Making inventory spreadsheets for my LEGO sets

One of my recent home organisation projects has been sorting out my LEGO collection. I have a bunch of sets which are mixed together in one messy box, and I’m trying to separate bricks back into distinct sets. My collection is nowhere near large enough to be worth sorting by individual parts, and I hope that breaking down by set will make it all easier to manage and store.

I’ve been creating spreadsheets to track the parts in each set, and count them out as I find them. I briefly hinted at this in my post about looking at images in spreadsheets, where I included a screenshot of one of my inventory spreadsheets:

Screenshot of a spreadsheet showing a list of four Lego bricks, plus a count of how many I have/need. There are images showing an illustration of the four bricks.

These spreadsheets have been invaluable – I can see exactly what pieces I need, and what pieces I’m missing. Without them, I wouldn’t even attempt this.

I’m about to pause this cleanup and work on some other things, but first I wanted to write some notes on how I’m creating these spreadsheets – I’ll probably want them again in the future.

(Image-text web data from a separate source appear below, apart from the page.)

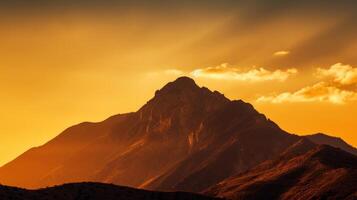 AI generated The silhouette of a mountain against a golden sky. Generative AI photo
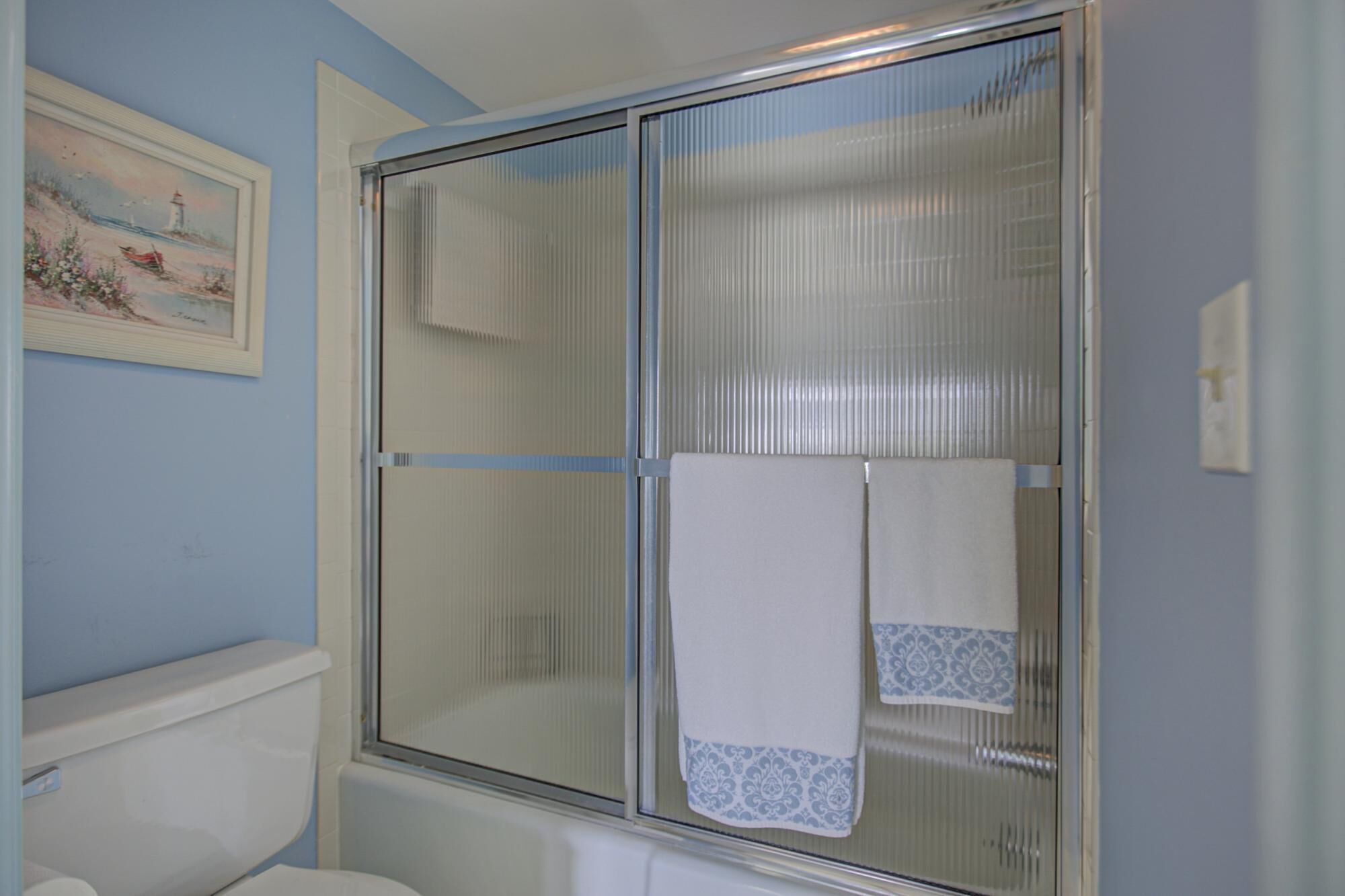 Ein Badezimmer mit Duschkabine aus Glas, Toilette und einem gerahmten Bild an der Wand.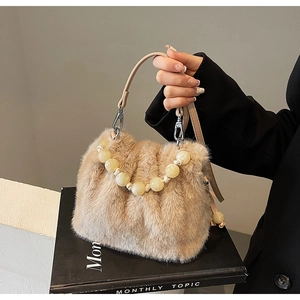 Detail of camel faux fur bucket bag featuring plush texture and ivory beaded chain decor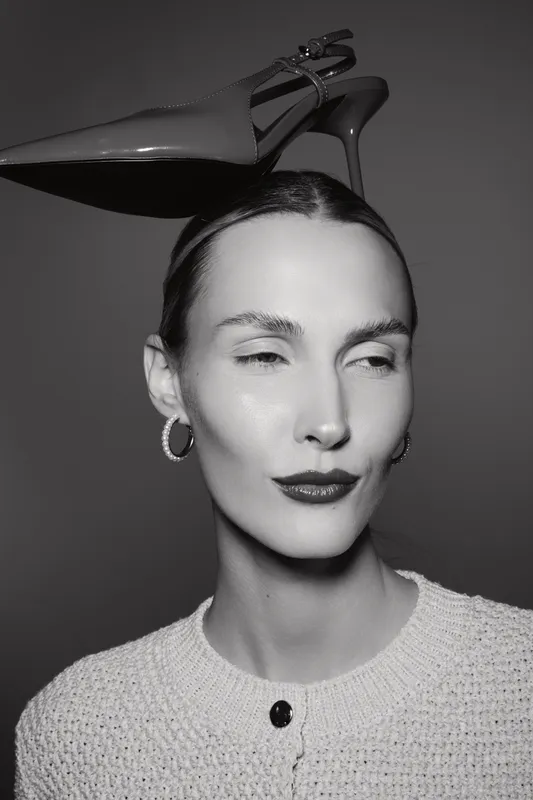 White Caucasian woman with pale skin and slicked hair balances a high heel shoe on her head. Studio portrait in black and white with minimalistic fashion concept.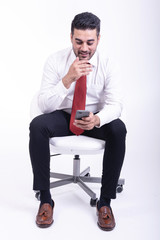 Businessman sitting on white chair isolated.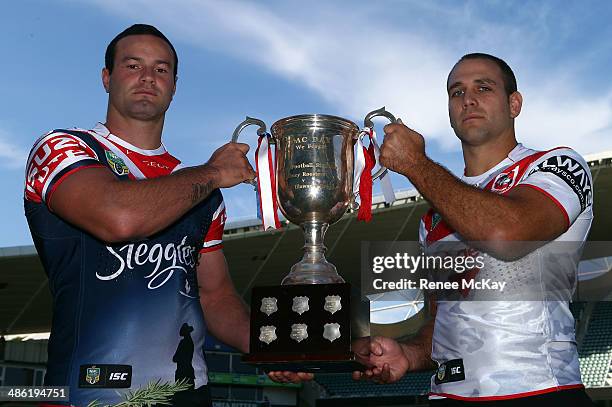 Roosters Boyd Cordner and Dragons Jason Nightingale hold the trophy during a St George Illawarra Dragons and Sydney Roosters NRL media opportunity...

Getting a list of parts in a set

There are various ways to get a list of parts in a LEGO set:

I decided to use the community maintained lists from Rebrickable – they seem very accurate in my experience, and you can download daily snapshots of their entire catalog database. The latter is very powerful, because now I can load the database into my tools of choice, and slice and dice the data in fun and interesting ways.

Downloading their entire database is less than 15MB – which is to say, two-thirds the size of just opening the LEGO.com homepage. Bargain!

Putting Rebrickable data in a SQLite database

My tool of choice is SQLite. I slept on this for years, but I’ve come to realise just how powerful and useful it can be. A big part of what made me realise the power of SQLite is seeing Simon Willison’s work with datasette, and some of the cool things he’s built on top of SQLite.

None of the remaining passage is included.